Natural History of Song
This repo contains code for the Natural History of Song project (Mehr et al., 2019, Science). The Data and Materials Availability statement from the paper is copied below. To reproduce our analyses you will need some or all of these files.
All Natural History of Song data and materials are publicly archived at http://osf.io/jmv3q, with the exception of the full audio recordings in the NHS Discography, which are available via the Harvard Dataverse, at https://doi.org/10.7910/DVN/SESAO1. All analysis scripts are available at http://github.com/themusiclab/nhs. Human Relations Area Files data and the eHRAF World Cultures database are available via licensing agreement at http://ehrafworldcultures.yale.edu; the document- and paragraph-wise word histograms from the Probability Sample File were provided by the Human Relations Area Files under a Data Use Agreement. The Global Summary of the Year corpus is maintained by the National Oceanic and Atmospheric Administration, United States Department of Commerce, and is publicly available at https://www.ncei.noaa.gov/data/gsoy/.
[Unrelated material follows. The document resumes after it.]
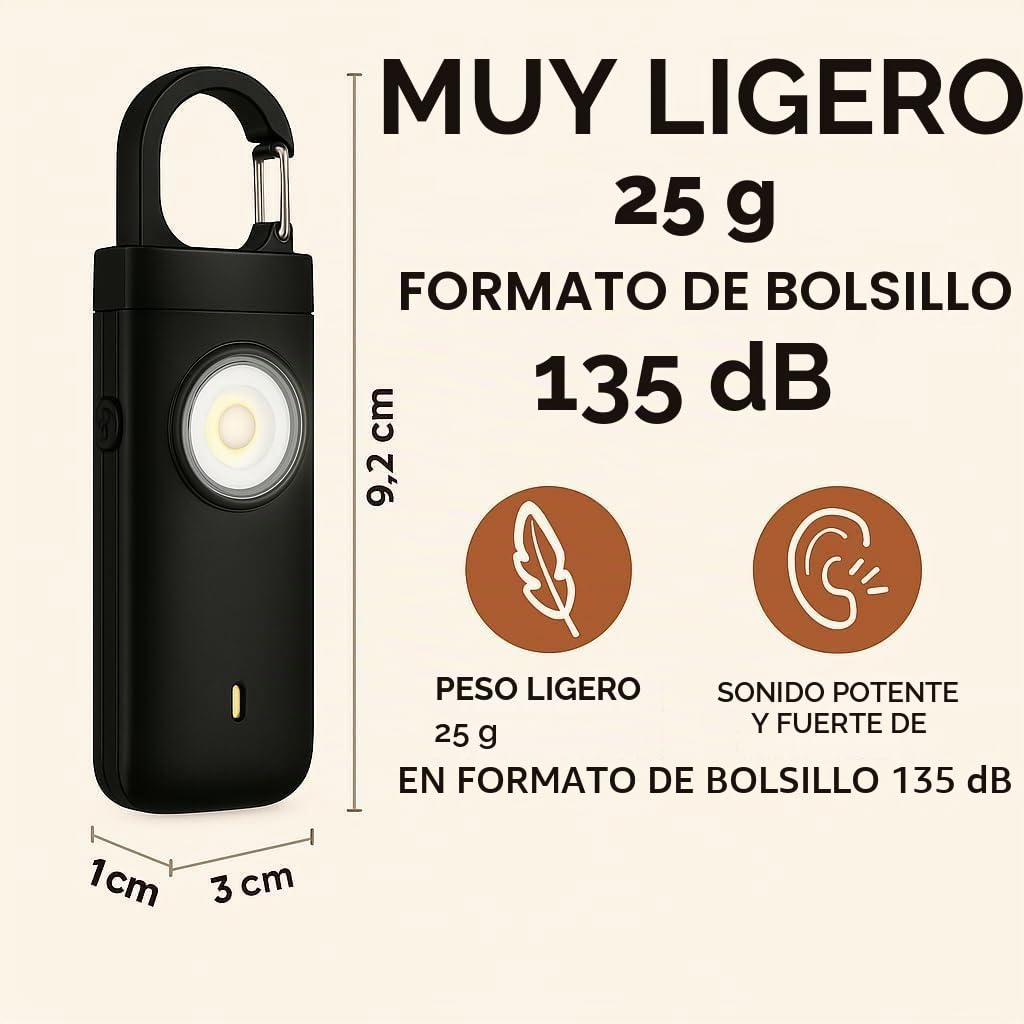 Alarma de bolsillo, alarma personal de seguridad de emergencia de 130 decibelios con luces, color negro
For those replicating analyses using the eHRAF Probability Sample File data, you will need to build
rds files as per code in
script2_compare_psf_final.R. If you run into issues, please contact us.
All analyses in the paper can be reproduced with the code posted here, in R and Python. The pipeline for visualizations takes
csv output from R, processes it in Stata, and then produces visualizations in R. Some figure elements are augmented manually (e.g., adding some labels) and/or include illustrations, so your reproduced figures will not match those in the paper exactly.